汚名挽回(誤用)

 とある学者さんが誤用だと語ったことで誤用とされた「汚名挽回」が別の学者さんによって「誤用とは言えない」とされたのは数年前のことになります。


 誤用かどうかはさておき、類似の言葉に「名誉回復」「名誉挽回」「汚名返上」などが有ります。


 この「名誉~」と「汚名~」の使い分けはどうしたものでしょうか。

 恐らくは「名誉」と言うプラスの状態がゼロ、あるいはマイナスになってしまったのをプラスの状態に戻す場合に「名誉~」を使うのでありましょう。逆にプラス、あるいはゼロの状態がマイナスになってしまったのをプラス、あるいはゼロに戻す場合に「汚名~」を使うのでありましょう。

 プラスに戻す事と、マイナスを打ち消す事のどちらに主眼が置かれているかで使い分けがなされると考えます。


 正しいとされる「汚名返上」もなかなかに奇妙な言葉です。

 「汚名」を一体誰に「返上」するのでしょう。

 「返上」は謙った言い方でもありますから、「汚名」とはどこか上位の存在から貰い受けたものなのでしょうか。

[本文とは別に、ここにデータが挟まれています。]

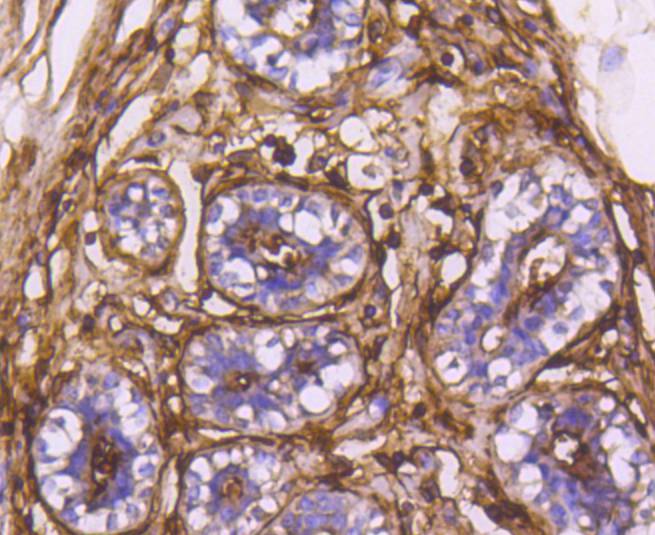 Immunohistochemical analysis of paraffin-embedded human breast tissue using anti-CD13 antibody. The section was pre-treated using heat mediated antigen retrieval with Tris-EDTA buffer (pH 8.0-8.4) for 20 minutes.The tissues were blocked in 5% BSA for 30 minutes at room temperature, washed with ddH2O and PBS, and then probed with the primary antibody (ET1610-59, 1/50) for 30 minutes at room temperature. The detection was performed using an HRP conjugated compact polymer system. DAB was used as the chromogen. Tissues were counterstained with hematoxylin and mounted with DPX.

 憶測でしかありませんが、武士の時代に何かの不手際の責任を誰か一人が背負って、「汚名」を着て、処分を受けたりしていたのではないでしょうか。その際の「汚名」は当主、あるいは家老から下げ渡されるものだったと考えられます。

 現代においても、会社の不手際を誰か一人が背負って退職したなんて話が有ります。


 こう考え合わせると、「汚名返上」の言葉そのものは納得できます。

 会社の例があるとは言え、現代においては如何なものかとも思いますが。


 話を戻して、この「名誉挽回」などは別項の「的を射る」同様、多分に暗黙の省略を含みます。

 「名誉挽回」なら「名誉(が損なわれた状態から損なわれていない状態に)挽回(する)」です。


 「汚名挽回」なら「汚名(を着た状態から着ていない状態に)挽回(する)」になります。


 しかしこれ、少しおかしくはないでしょうか。

 おかしくない?

 少し下品になりますが「うんこ(を付けられた状態から付けられていない状態に)挽回(する)」であれば、多くの方がおかしいと感じられるのではないでしょうか。

 「汚名」も「うんこ」も付けられる意味では同じです。


 付いてない状態に戻す、と言う部分に何とも違和感が有ります。


 そう言ったことから、「汚名挽回」はやはり誤りだろうと思います。


 一方、「名誉」も付くものですが、剥がれたものを付け直すのは正しく「挽回」でありましょう。

 だからこちらは正しい。


 それはそれとして思うのです。

 「汚名」って、「返上」するものでも「挽回」するものでもなく、「払拭」するものではありませんか?